Carnahan, a Democrat, discussed her Quality Classrooms Act following a tour of the school. The plan, which would provide $50 billion in federal money over 10 years to help reduce class sizes and improve instruction, is nearly identical to the initiative proposed by her husband during his campaign for Senate last fall.
Her husband, Gov. Mel Carnahan, died in an airplane crash just three weeks before the election. His wife was appointed to the Senate seat after her husband defeated then-Sen. John Ashcroft.
"Although he did not live to pursue his dream, I was proud to introduce this bill last week that had the imprint of his hopes and fulfills his pledge to the citizens of Missouri," she said.
Carnahan's visit was her first to Southeast Missouri since she became a senator. She fielded questions from reporters and educators, and her answers focused more on broad implications of the plan rather than on details regarding how to ensure adequate funding would reach smaller, rural districts like Jackson. Carnahan said the district's fast-paced growth would help assure some of the money.
Under the plan, about $100,000 annually in federal budget surplus would be allocated to school districts, with the bulk of funding going to districts with large enrollments and high poverty rates. Eighty percent of funding would be allocated to school districts with high participation in the free and reduced lunch program, a federal program that provides lunches at reduced prices for students in low-income families.
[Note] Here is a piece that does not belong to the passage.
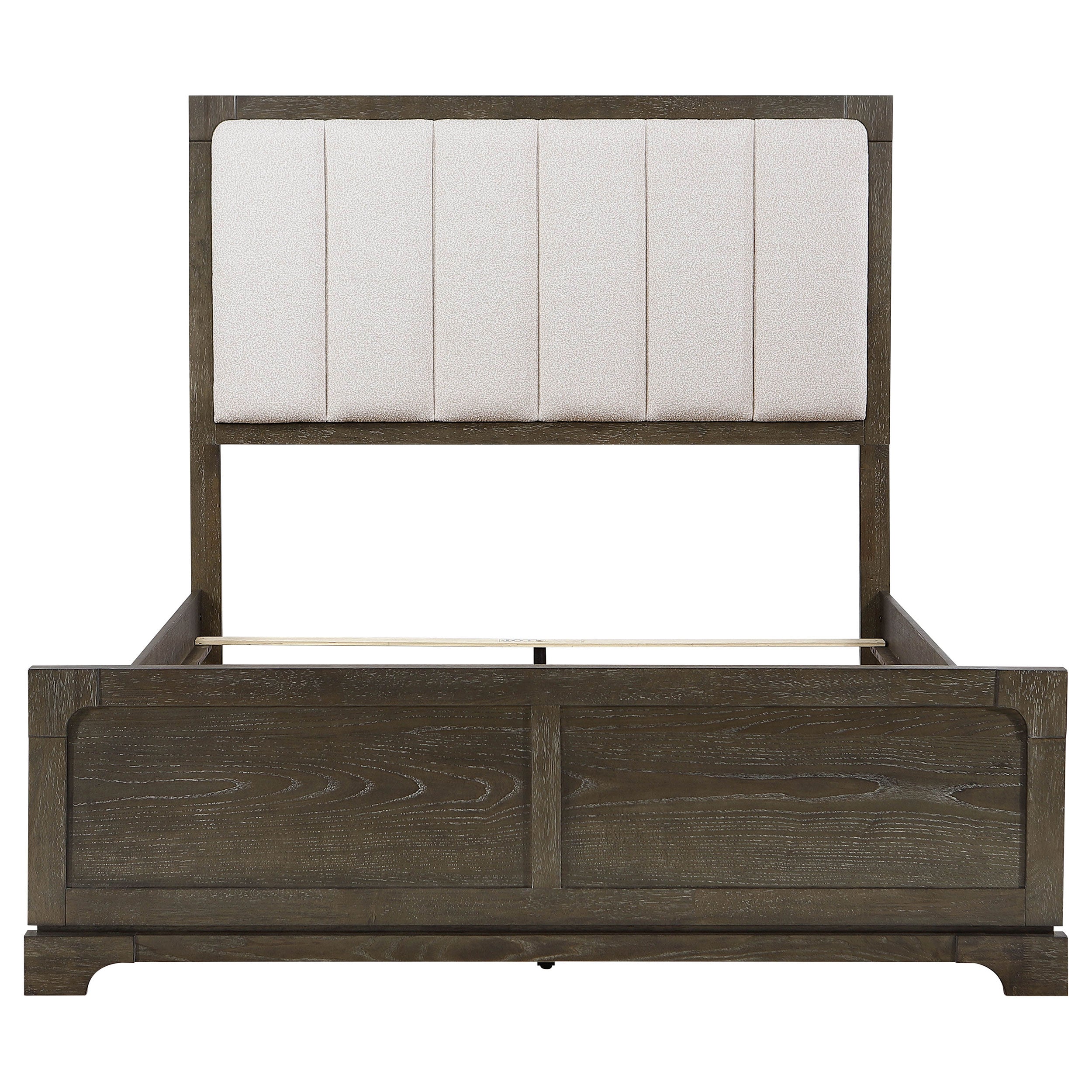 Gran Park Panel Bed - Ideal Furniture (Fresno,CA)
It often is used as a measure of a school district's low-income and at-risk populations.
Funding uses
The money would be spent to reduce student-to-teacher ratios; to make building improvements; to hire additional reading, science and math teachers; to establish alternative programs for chronically violent and disruptive students; and to provide a year-round school schedule.
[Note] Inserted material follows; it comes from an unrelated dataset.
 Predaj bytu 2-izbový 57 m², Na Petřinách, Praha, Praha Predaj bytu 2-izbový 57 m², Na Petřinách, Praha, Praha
Districts also could compete for special grants to help address other issues affecting instruction.
Last year, just 19.47 percent of Jackson School District's nearly 4,500 students qualified for free or reduced lunches, well below the state's average participation rate of 36.3 percent.
"We would be looking at the individual grants and trying for those to help with our enrollment issues," said Jackson schools superintendent Ron Anderson. "I don't think it will distract from local support, particularly in our case, since the dollars we would get probably would not be enough to address the problems we face."
All would get something
Most of the remaining 20 percent of funding would go to schools with the highest enrollments, although Carnahan said "no schools would fail to get anything."
Desma Reno, a Jackson schools parent and president of the Missouri Nurses Association, was on hand to hear details of the plan. Reno said she hopes the proposal includes a provision that allows schools to address health-care concerns.
"There's a national problem where teachers are put in the position where, instead of teaching, their spending time in the classroom providing first aid and social work," said Reno. "I'm hoping the flexibility in spending extends to that."